Required work
Could the data below please be reproduced word for word, without the pictures?
-- Opening Marker --
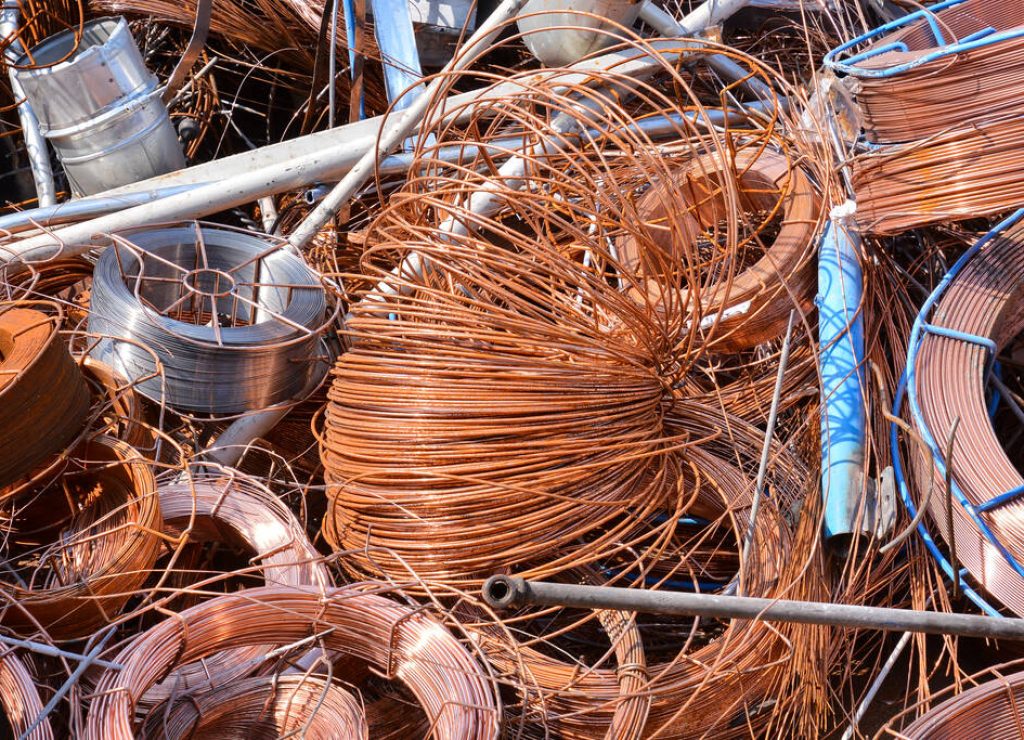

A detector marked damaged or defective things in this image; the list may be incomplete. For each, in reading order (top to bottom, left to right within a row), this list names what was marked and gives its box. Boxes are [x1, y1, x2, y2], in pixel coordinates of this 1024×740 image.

rusty coil [843, 0, 1024, 144]
rusty coil [614, 147, 823, 354]
rusty coil [0, 302, 89, 489]
rusty coil [909, 216, 1024, 618]
rusty coil [0, 438, 160, 638]
rusty coil [0, 650, 51, 736]
rusty coil [140, 675, 368, 740]
rusty coil [86, 589, 501, 736]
-- Closing Marker --
Problem solution
A detector marked damaged or defective things in this image; the list may be incomplete. For each, in reading order (top to bottom, left to right within a row), this list names what was marked and gives its box. Boxes are [x1, y1, x2, y2], in pixel coordinates of this 1024×740 image.

rusty coil [843, 0, 1024, 144]
rusty coil [614, 147, 823, 354]
rusty coil [0, 302, 89, 489]
rusty coil [909, 216, 1024, 618]
rusty coil [0, 438, 160, 638]
rusty coil [0, 650, 51, 736]
rusty coil [140, 675, 368, 740]
rusty coil [86, 589, 501, 736]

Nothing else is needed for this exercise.